I believe the moment my proverbial shelf began to collect things was when I was a teenager. One Sunday in YW the entire bishopric piled into that tiny room with us young women, we were told there were "sensitive items" to be taught that day and we needed a "priesthood presence" (oh, I won't even go there). Then, one of our teachers entered the room wearing pioneer-style clothing, and with great drama proceeded to tell us about JS "sealing the breach" and that is why we practiced polygamy back in the day. What the...what? That was it, no explanation as to what that meant. I was so confused. I asked my mom, she just said "Isn't that great, the temple is a blessing!" There was that chink in the armor, the foot in the door leading OUT. Why wouldn't she say anything? Why is it a secret what goes on in the temple? Other things bugged me, but that was downright weird to me, and at that point I started to notice other little things: the double talk, God being an exalted man, JS translating the BoM from magic gold plates, the secrecy of the temple, etc. But, I was so ingrained by then and didn't even know it.

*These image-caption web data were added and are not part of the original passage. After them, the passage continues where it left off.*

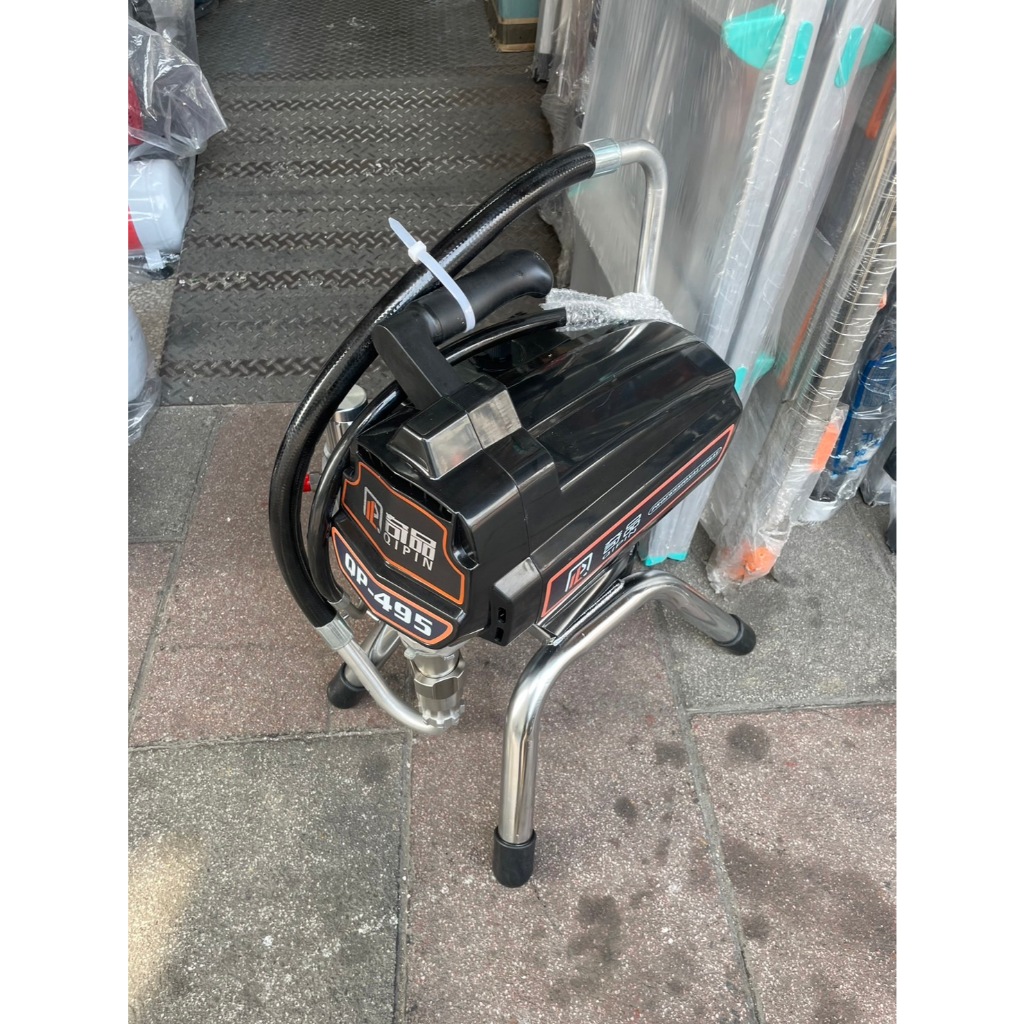 -奇品495型電子穩壓噴漆機 電動高壓無氣噴塗機 乳膠漆噴漆機 非全鋒GRACO 商品圖片 3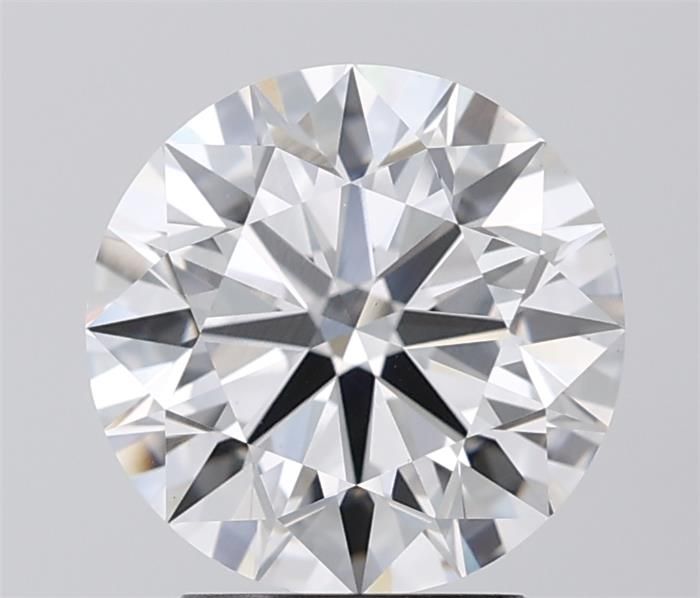 2.86ct Round E VVS2 Lab-Grown Diamond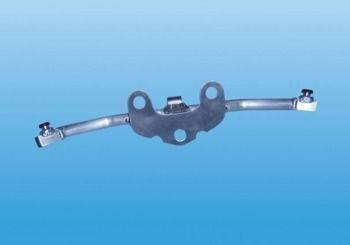 Stelaż przedni sportowy Motoholders Kawasaki ZX 10 R/06-07 czarny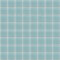 mozaiky | skleněná mozaika SIA | SIA 11×11×4 | S11 B 25 – azurově modrá - lesk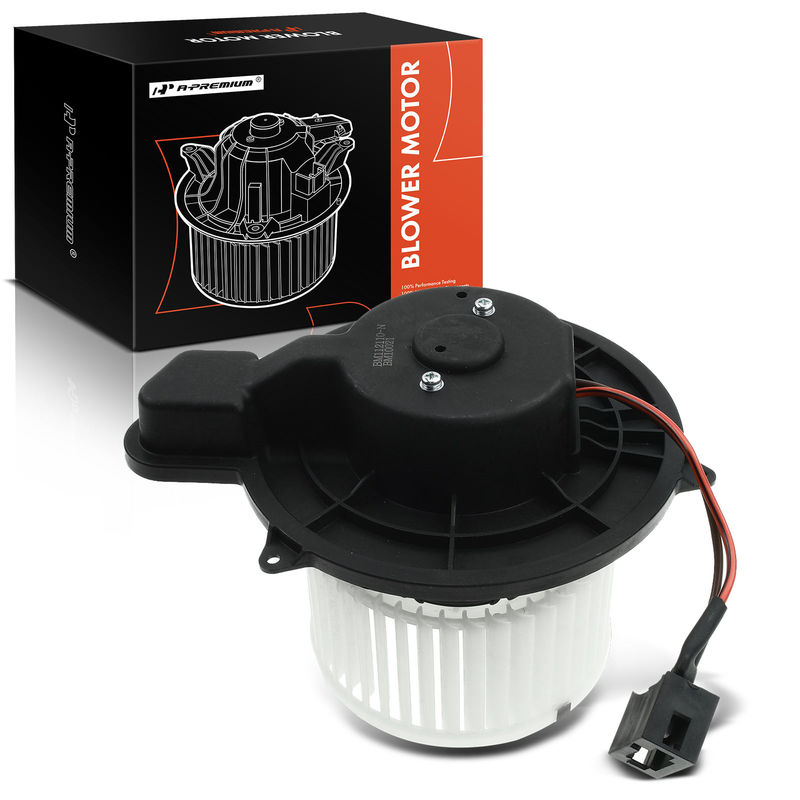 HVAC Blower Motor with Wheel for Fiat 500 2012-2019 L4 1.4L ELECTRIC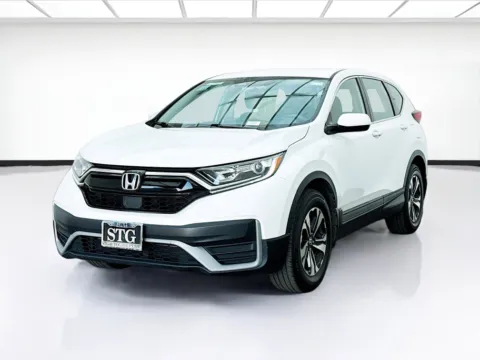 White 2021 Honda CR-V Special Edition for sale in Bellflower, CA
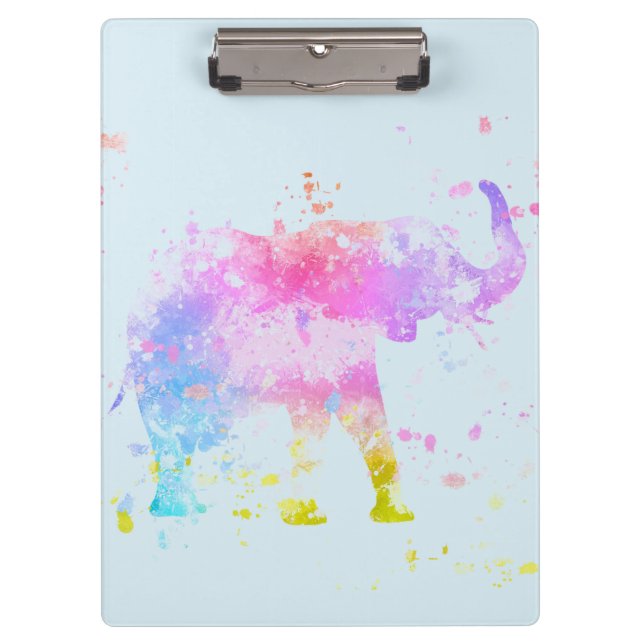 Portapapeles de Elephant (Anverso)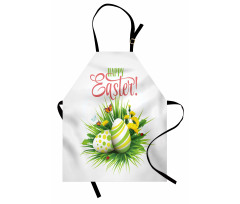 Spring Season Foliage Apron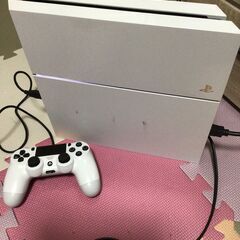 PS4　本体箱なし　CUH-1100A 500GBホワイト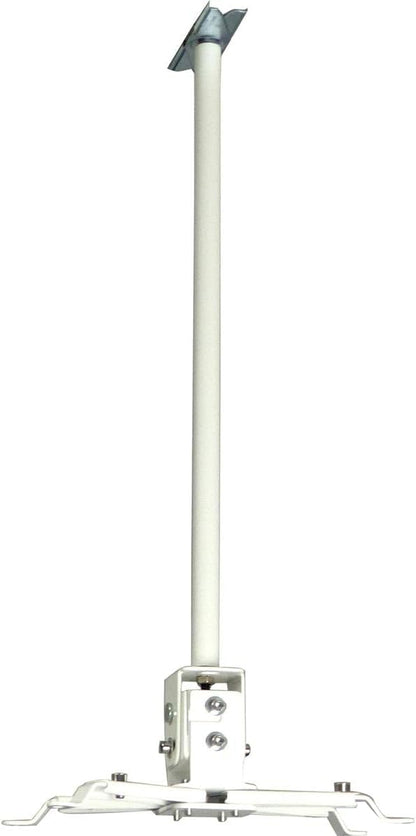 ALZO Suspended Drop Ceiling Video Projector Mount with Scissor Clamp for T-Bar Attachment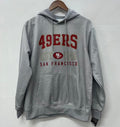 San Francisco 49ers Official NFL hoodie gray product image 1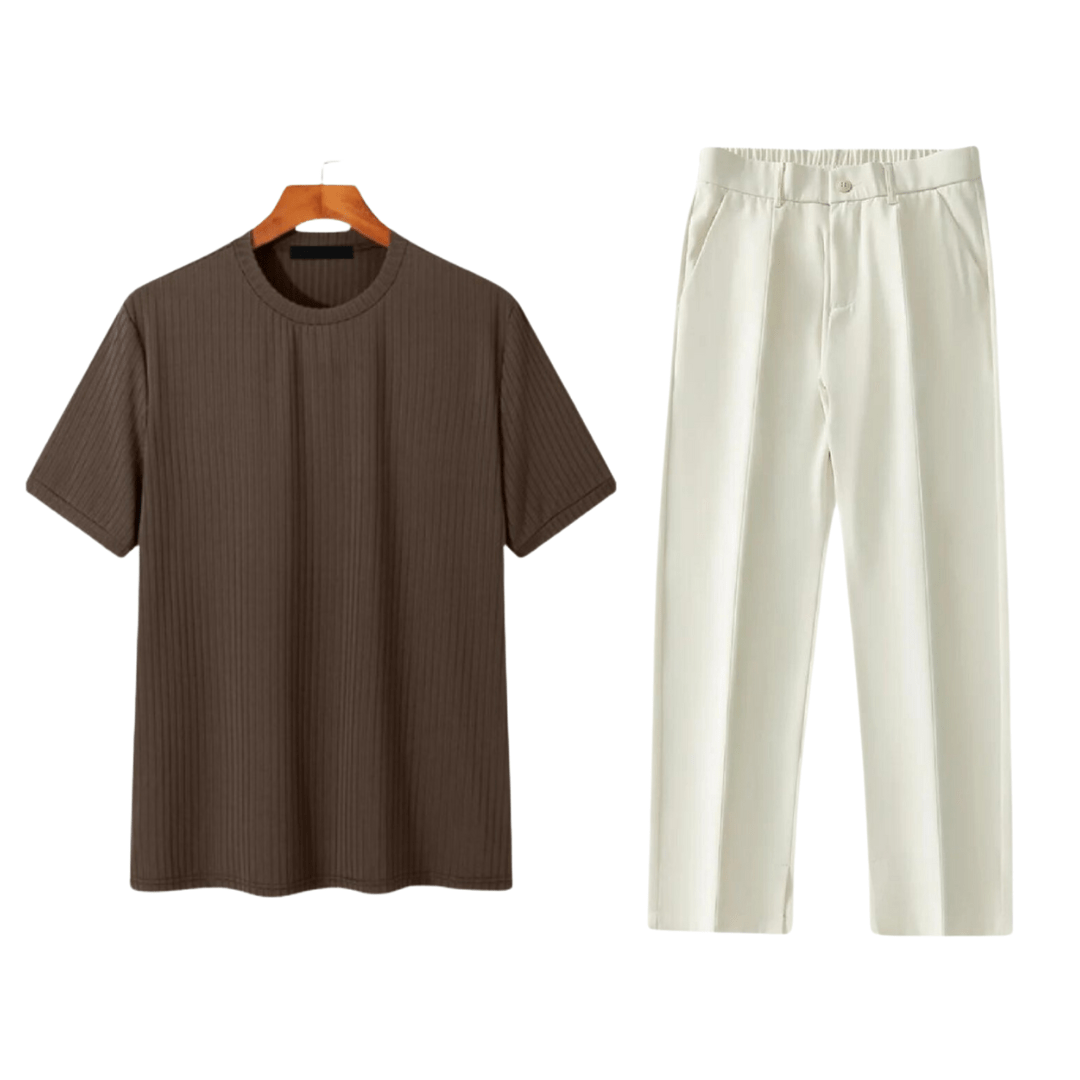 TAHITI - 100% COTTON OUTFIT - LORMIER - 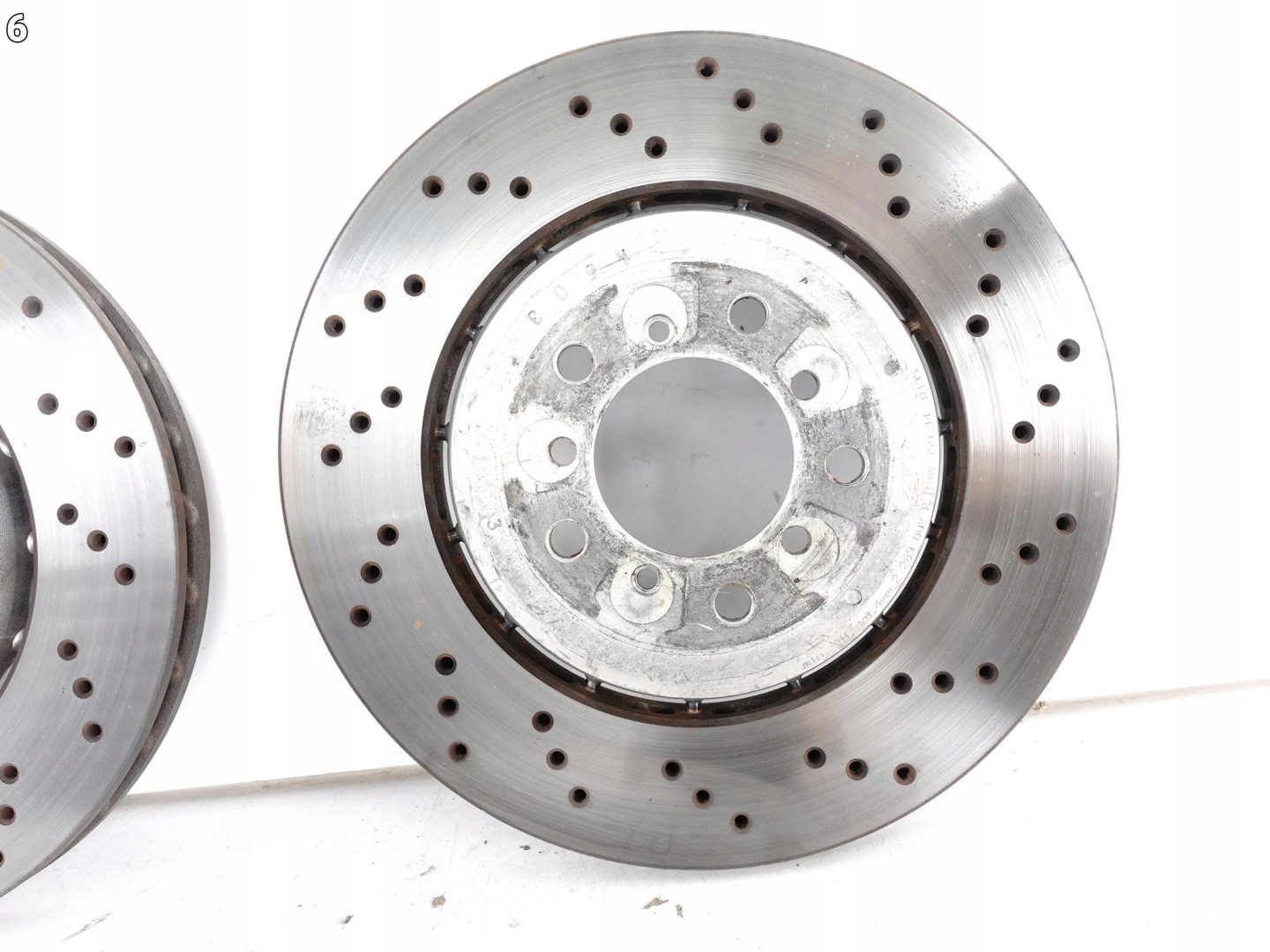 BMW M3 E92 E93 E90 M1 M E82 LCI discs brake + plates front 2000km ORG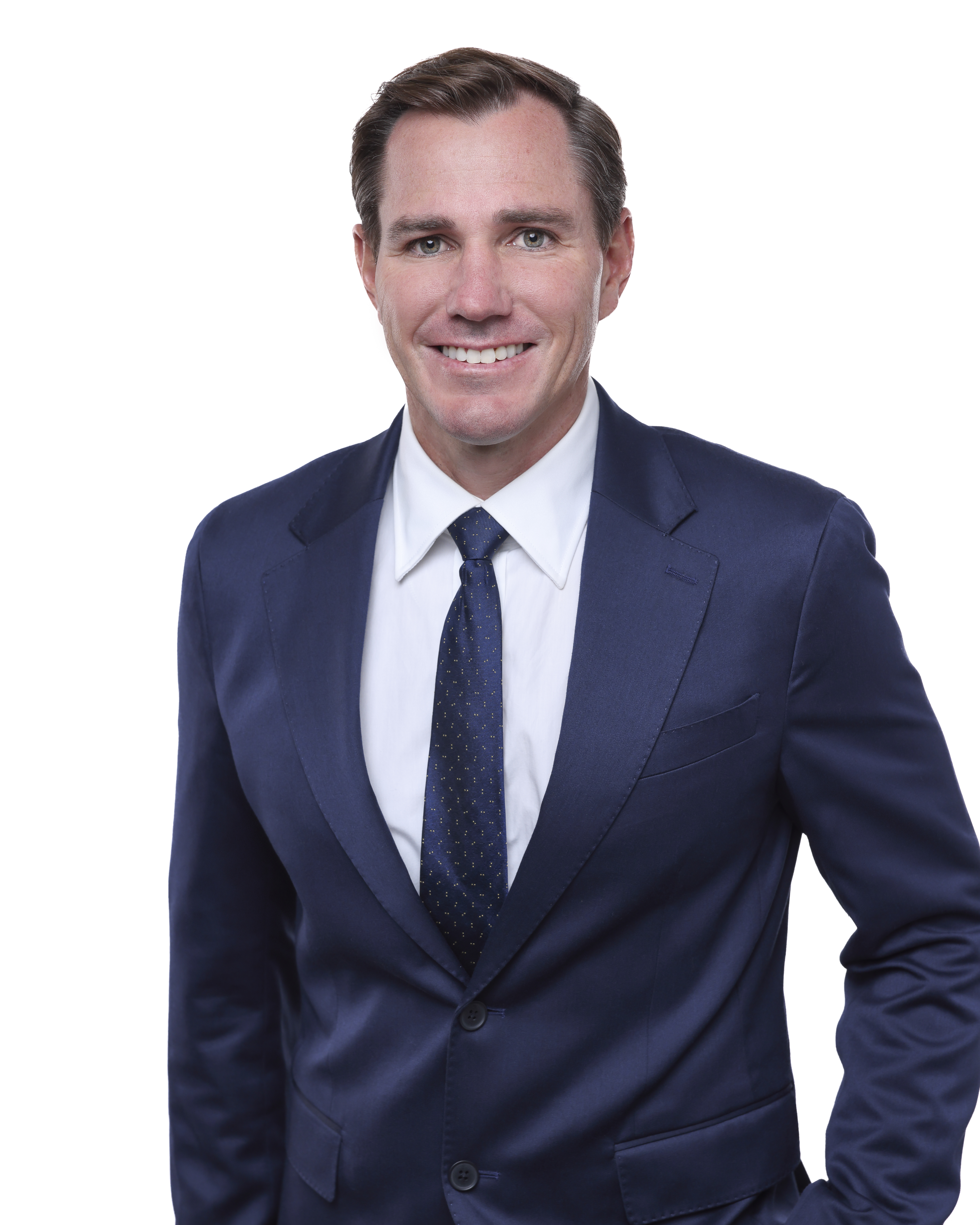 Portrait in a photo studio.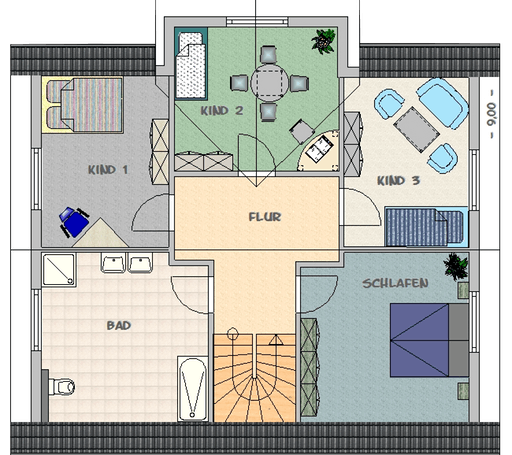 EFH Typ 3 floor_plans 1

College introduced me to free(er) thinking and coffee. College also taught me how woefully ignorant I was to the rest of the world and its people. I was ashamed of myself. I didn't go to church at that point, believing I would never go back. My parents were already angry that I didn't choose BYU, and my mom actually made me go down to the admin building to drop off an application. I thought I was free of it and was so wise. Not even close!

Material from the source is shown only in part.